Pindaria yang tidak bisa bergerak untuk melihatnya hanya bisa sedikit menjerit dan menangis karena sahabatnya telah pergi mendahuluinya. Namun kami semua yakin bahwa Tuhan Sang Sumber Kehidupan telah merangkulnya dengan erat dan penuh kasih, hal ini terlihat dari senyum manis yang masih terpancar dari wajahnya dan tidak pernah pudar sekalipun jiwanya telah bergerak menuju Sang Penciptanya.

"Karena bagiku hidup adalah Kristus dan mati adalah keuntungan", mungkin kalimat inilah yang terucap di dalam hati Beita ketika dia menghembuskan nafas terakhirnya.
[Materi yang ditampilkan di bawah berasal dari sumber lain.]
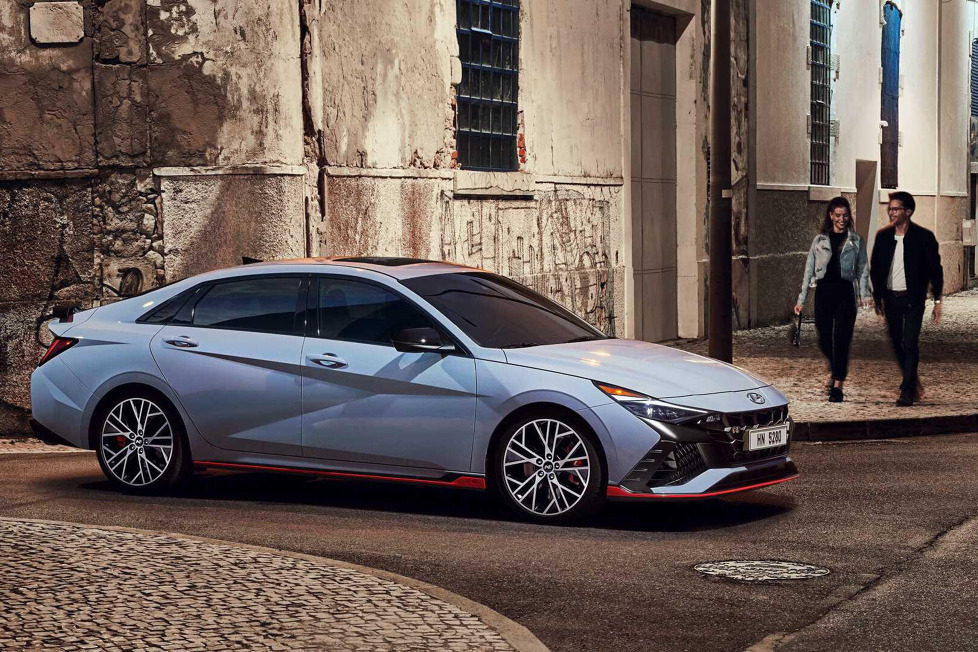 Der neue Hyundai Elantra N feiert seine globale Premiere und der Hersteller hat künftig ein weiteres Modell in seinem Performance-Lineup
Hal ini dikarenakan; senyum yang terpancar di wajahnya mampu menyejukkan hati setiap orang yang melihatnya, sapaannya merupakan semangat baru bagi setiap orang yang disapanya, dan kasihnya kepada para sahabatnya juga kepada semua orang menjadi bukti bahwa dia ingin menjadi pengikut Kristus yang setia sampai akhir sekalipun tidak mampu dia utarakan melalui ucapannya.

"Bolo-bolo" itu juga yang mungkin diucapkan Sang Bapa ketika Beita menghembuskan nafas terakhirnya, dengan maksud "terimakasih anak-Ku tugasmu telah selesai di dunia ini, mari datanglah kepada-Ku agar dapat kupeluk erat karena Aku sungguh bangga dan sangat mengasihimu lebih dari siapapun juga yang pernah mengenalmu".

Sebagai orang yang beriman pun kami yakin ketika Pintu Gerbang Surga terbuka, Beita mengintip perlahan dan muncul ke hadapan kita kemudian dengan mengangguk-angguk sambil memberikan senyum terindahnya dia berkata "Bolo-bolo, selamat datang sahabatku, mari masuk karena Sang Bapa ingin kita bersama dengan-Nya dalam Perjamuan Kasih di rumah-Nya yang kudus".

"Bolo-bolo" kami sungguh mengasihimu Beita namun ternyata Tuhan lebih mengasihimu. Sampai bertemu lagi Barita "Beita" br. Ritonga.